Elsevier

Behavioural Brain Research

Volume 224, Issue 1, 10 October 2011, Pages 15-22
Behavioural Brain Research

Research report
Dysfunctional long-term potentiation-like plasticity in schizophrenia revealed by transcranial direct current stimulation

https://doi.org/10.1016/j.bbr.2011.05.017Get rights and content

Abstract

Neural and cortical plasticity represent the ability of the brain to reorganize its function in response to a challenge. Plasticity involves changing synaptic activity and connectivity. Long-term-potentiation is one important mechanism underlying these synaptic changes. Disturbed neuronal plasticity is considered to be part of the pathophysiology of schizophrenia and has been linked to the different clinical features of this severe illness. The aim of the present study was to investigate nonfocal cortical plasticity and cortical excitability in recent-onset and multi-episode schizophrenia compared with healthy subjects. Nonfocal cortical plasticity can be induced in the motor cortex of healthy subjects with anodal transcranial direct current stimulation. Animal and human research indicates that this long-term-potentiation-like plasticity is glutamate-dependent and that these plasticity shifts can last for several hours. Transcranial direct current stimulation-induced plasticity was monitored by transcranial magnetic stimulation-generated motor evoked potentials. Well-characterized transcranial magnetic stimulation protocols were applied to determine the physiological basis of plasticity changes. Multi-episode schizophrenia patients showed significantly reduced long-term-potentiation-like plasticity compared to recent-onset schizophrenia patients and healthy controls. All schizophrenia patients demonstrated reduced cortical inhibition. Our results indicate that the long-term-potentiation-like plasticity deficit in schizophrenia patients is related to the disease course. Disturbances of N-methyl-d-aspartate, gamma-aminobutyric acid and dopamine receptors may account for this plasticity deficit. LTP-like plasticity deficits might be related to disturbed information processing in schizophrenia patients.

Highlights

► Disturbed plasticity is considered to underlie the pathophysiology of schizophrenia. ► Transcranial magnetic stimulation and transcranial direct current stimulation allow the investigation of cortical plasticity to awake humans. ► Schizophrenia patients showed an impaired LTP-like plasticity, which is related to the disease course compared to healthy controls. ► Schizophrenia patients displayed a cortical disinhibition compared to healthy controls. ► Dysfunctional NMDA-receptors and GABA-receptors may account for the plasticity deficits in schizophrenia.

Introduction

Disturbed neuronal plasticity is considered to be part of the pathophysiology of schizophrenia and has been linked to different clinical features of this severe illness [1], [2]. Neural and cortical plasticity represents the ability of the brain to reorganize its function in response to a challenge, to changing environmental inputs or to individual experience [3], [4]. These alterations are associated with changes of synaptic activity and connectivity, increase in dendritic length, changes in spine density and neurogenesis. One important mechanism that underlies synaptic changes and plasticity is long-term-potentiation (LTP) [5], [6].

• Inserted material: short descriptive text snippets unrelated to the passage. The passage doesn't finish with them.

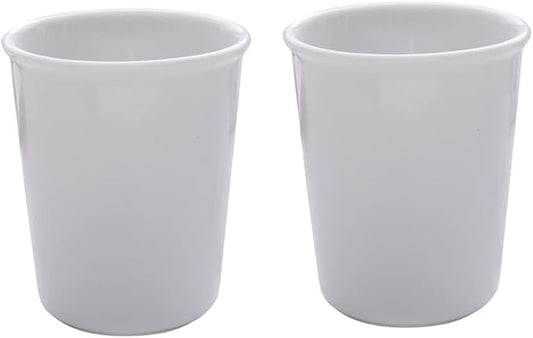 Awhale Ceramic Bathroom Cup 2Pcs, Mouthwash Cups, Toothbrush Holders, 150ml/Pcs (White)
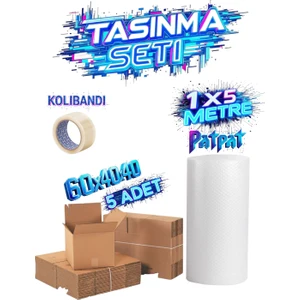 Taşınma Seti 5 Adet 60x40x40 Koli 1 Adet Koli Bandı 1 Adet 1X5 Metre Patpat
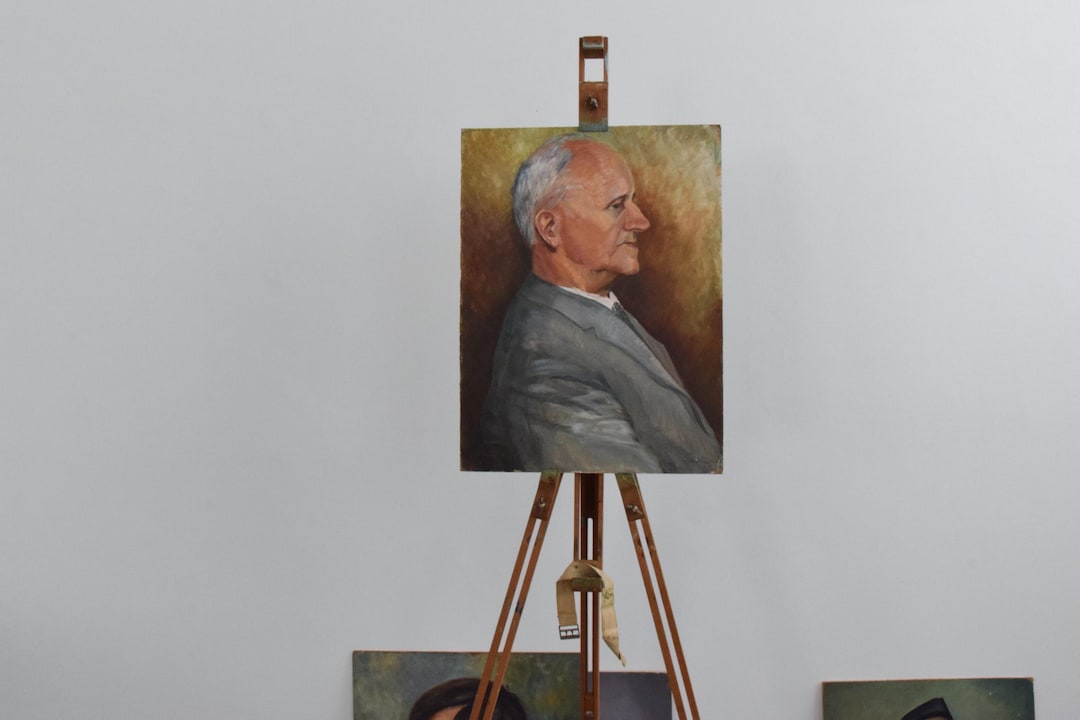 Vintage Original 1960s Oil on Board Portrait Painting of an Older Male ...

The concept of disturbed plasticity in schizophrenia patients is provided from different lines of evidence. First, a dysfunction (hypofunction and hyperfunction) of glutamatergic N-methyl-d-Aspartate receptors (NMDAR) and hyperglutamatergic transmission are supposed to be a crucial pathophysiological state in schizophrenia leading to neurotoxicity and disturbed plasticity [7], [8]. Second, brain tissue of schizophrenia patients revealed abnormalities in different activity-dependent genes and in the function of the secretory protease reelin, which have major roles in neurodevelopment and plasticity [9], [10], [11]. Finally, neurophysiological studies have reported in vivo disturbances of cortical plasticity and excitability in schizophrenia patients. One study group presented evidence for a disrupted focal LTP-like plasticity using paired associative stimulation (PAS) and hypothesized that these plasticity deficits may be caused by NMDAR abnormalities in patients [12]. The same group investigated use-dependent plasticity and found reduced motor reorganization and a dysfunctional plasticity response in schizophrenia [13]. Transcranial magnetic stimulation (TMS) studies revealed disturbed cortical inhibitory circuits in schizophrenia patients, which might be linked to a disturbed GABAergic transmission and to altered cortical plasticity [14], [15], [16], [17], [18].

However, none of these neurophysiological studies has explored the impact of schizophrenia, especially with regard to the impact of recurrent psychotic episodes, on nonfocal cortical LTP-like plasticity. This is of particular importance because nonfocal plasticity might be related to cortical signal-to-noise ratio, which is considered to be disturbed in schizophrenia patients. A reduced signal-to-nose ratio of attractor networks might produce some of the cognitive symptoms of schizophrenia and abnormal cortical noise might support the hypothesis of a disturbed “filter-function” in schizophrenia [19], [20], [21]. Imaging studies revealed that the severity and duration of psychosis contribute to the brain volume changes reported in longitudinal studies. It was suggested that brain volume loss could be attributable to the “toxic” effects of the psychotic state of the brain and that morphological abnormalities are more evident in patients who have suffered from multiple episodes of the disease [22], [23], [24], [25].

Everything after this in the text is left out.